This is an agreement between Customer and NetTel Communications
NetTel warrants that all products and services provided by NetTel will be in good working order on the day installed. NetTel does not warrant uninterrupted or error-free operations of a product or service.
THE FOREGOING WARRANTIES ARE IN LIEU OF ALL OTHER WARRANTIES, EXPRESS OR IMPLIED, INCLUDING, BUT NOT LIMITED TO, THE IMPLIED WARRANTIES OF MERCHANTABILITY AND FITNESS FOR A PARTICULAR PURPOSE.
The foregoing warranties and representations are the only warranties and representations made by NetTel and supersede all prior statements, representations and warranties, whether written or oral.
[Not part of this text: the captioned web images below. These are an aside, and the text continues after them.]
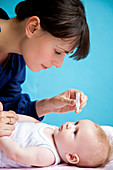 Mother putting eye-drops in baby's eyes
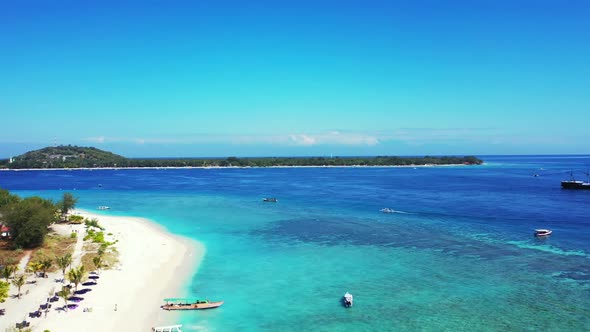 Aerial drone shot panorama of tranquil resort beach time by blue water with white sandy background o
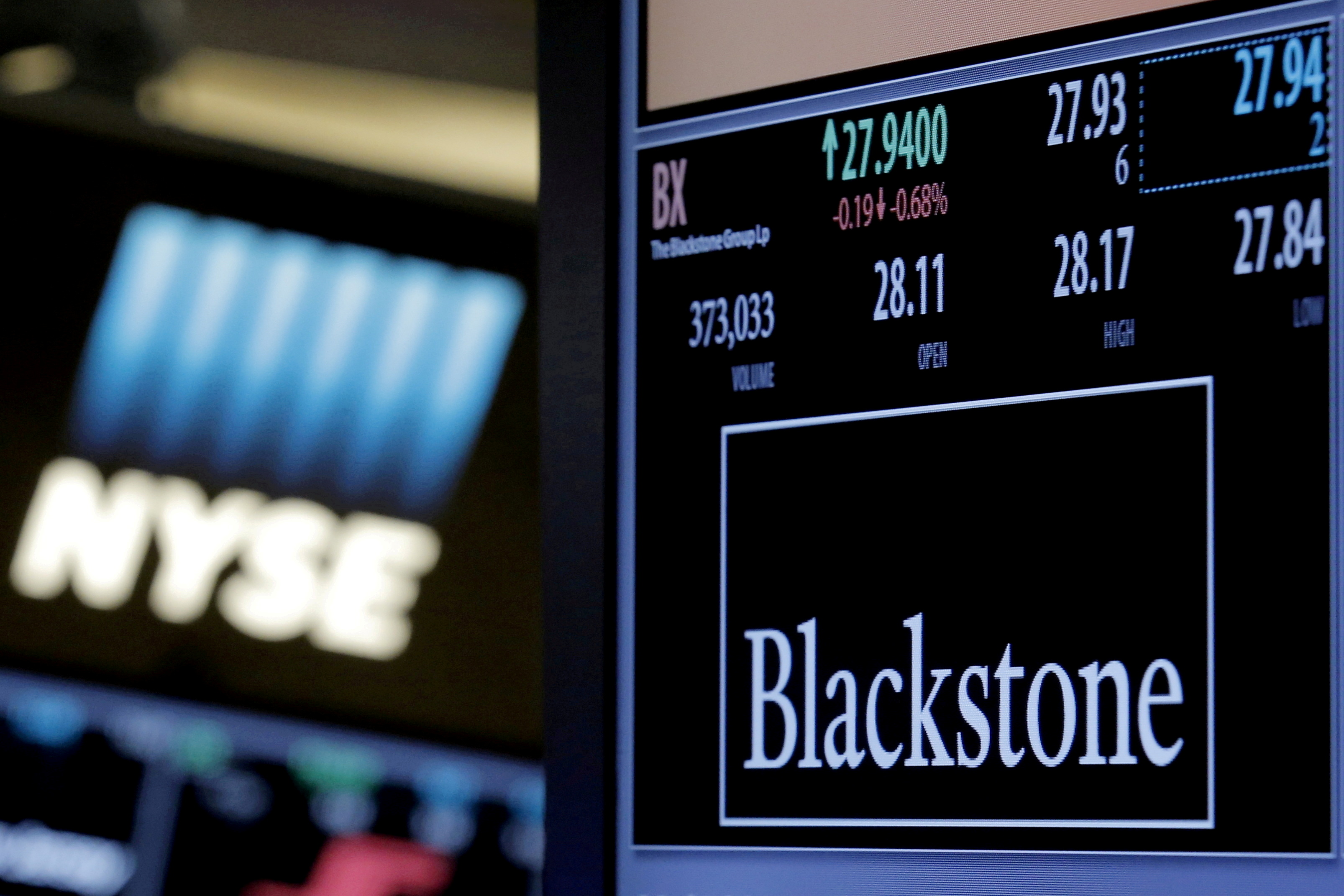 The ticker and trading information for Blackstone Group is displayed at the post where it is traded on the floor of the New York Stock Exchange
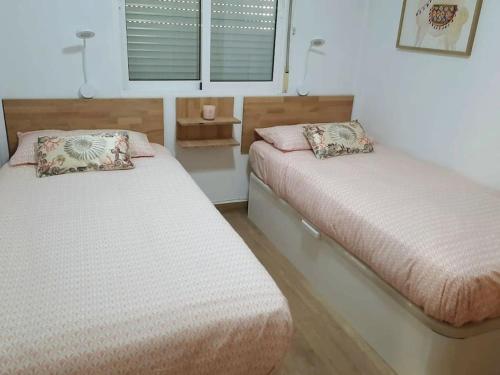 a bedroom with two beds and a window at Duplex Flamenca Beach La Zenia Boulevard in Orihuela Costa
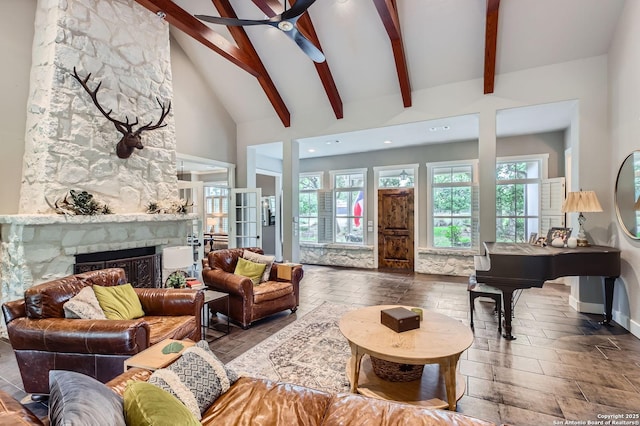 living area featuring beamed ceiling, plenty of natural light, a fireplace, and ceiling fan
NetTel will not be responsible for any damages caused by delay in delivery, installation or furnishing any products or services.
In recognition that service interruptions in the I.T. and Telecommunications industry are frequently due to circumstances beyond NetTel’s control, NetTel will not be responsible to the Customer for interruptions in service or errors in the operation of a product or service, unless caused by the unlawful, intentional, reckless or grossly negligent acts or omissions of NetTel.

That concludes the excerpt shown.